The heat generated on overload is proportional to the current squared. This heat is used either to melt an alloy, thereby permitting a ratchet wheel to turn and open a control contact, or to heat a bimetallic strip, causing it to bend and open a control contact.
Thermal overload relay is designed for current-dependent protection of applications with normal start-up conditions against impermissibly high rises in temperature as a result of overload or phase failure. An overload or phase failure causes the motor current to rise above the set-rated motor current. This current rise heats the bimetal strips within the relay via heating elements which, in turn, operate the auxiliary contacts via a tripping mechanism due to their deflection. These switch the load off via a contactor. The switch-off time is dependent on the ratio of tripping current to operational current Ie and is stored in the form of a tripping characteristic with long-term stability. The “Tripped” state is signaled using a switching position indicator.
The thermal overload relay has, as a standard, a normally closed (NC) contact that is manually reset after the current interruption. The more expensive thermal overload relays have an automatically reset NC contact and may also be equipped with a normally open (NO) contact for alarm or indication purposes.
Unlike their widely used name, thermal overload relays are not relays like electromechanical relays, but sensors detecting electric current.
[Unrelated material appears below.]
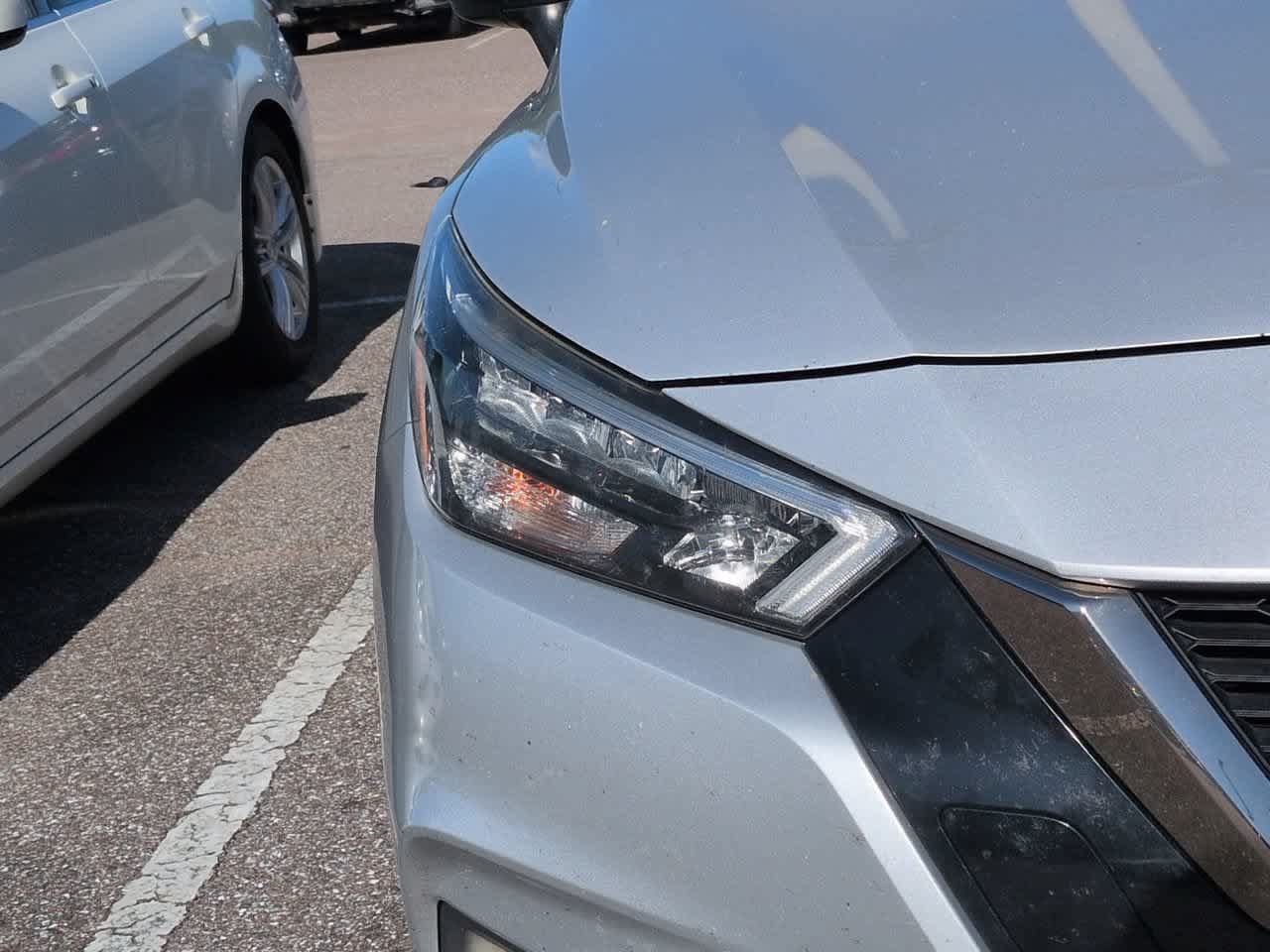 Used 2020 Nissan Versa SR FWD image 8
Furthermore, these relays could be considered or called “switches”, but are not switches although they perform indirectly the action of switching. Thermal overload relays can interrupt the auxiliary or control circuit of a power relay—that is, the real switch—causing its deactivation. From this point of view, a thermal overload relay is an integral part of any power relay supplying an electric motor. It is mechanically and electrically coupled with the power relay, and both of them constitute together a unified power device that is inserted in the power circuit of an electric motor. The relay acts then as a switching mechanism and the overload relay as a sensor detecting the motor current. For this reason, all the power relays manufacturers produce also the corresponding thermal overload relays.
Thermal Overload Relay Rating Plug
To understand the thermal overload relays clearly, you should know the functions of the buttons and terminals on the relay.
- Connection for mounting onto contactors
- Manual/automatic Reset button
- Test button
- Motor current setting
- Stop button
- Supply terminals
Thermal overload relays are advanced products. For this reason, it is better to know the technical terms related to this product.
The trip classes describe time intervals within which the overload relay must trip with 7.2 times the operational current Ie for symmetrical three-pole loading from the cold.
The thermal overload relay is adjusted to the rated motor current using a rotary potentiometer. The scale of the rotary potentiometer is calibrated in amperes.
Manual and automatic resetting
When manual resetting is selected, a reset can be performed directly on the device by pressing the “RESET” button. When automatic resetting is selected the relay will be reset automatically. A reset is not possible until the recovery time has elapsed.
After tripping due to an overload, it takes a certain length of time for the bimetal strips of the thermal overload relays to cool down. The overload relay can only be reset once it has cooled down.
The correct functioning of the ready thermal overload relay can be tested with the TEST button. The test button is used to simulate the tripping of the relay. During this simulation, the normally closed contact (95-96) is opened and the normally open contact (97-98) is closed whereby the over-load relay checks that the auxiliary circuit is wired correctly.
When the STOP button is pressed, the normally closed contact is opened and the series-connected contactor is de-energized, and therefore the load is switched off. The load is reconnected via the contactor when the STOP button is released.
The current status of the thermal overload relay is indicated by the status indicator.
The thermal overload relay has a normally open contact for the trip signal and a normally closed contact for switching off the contactor.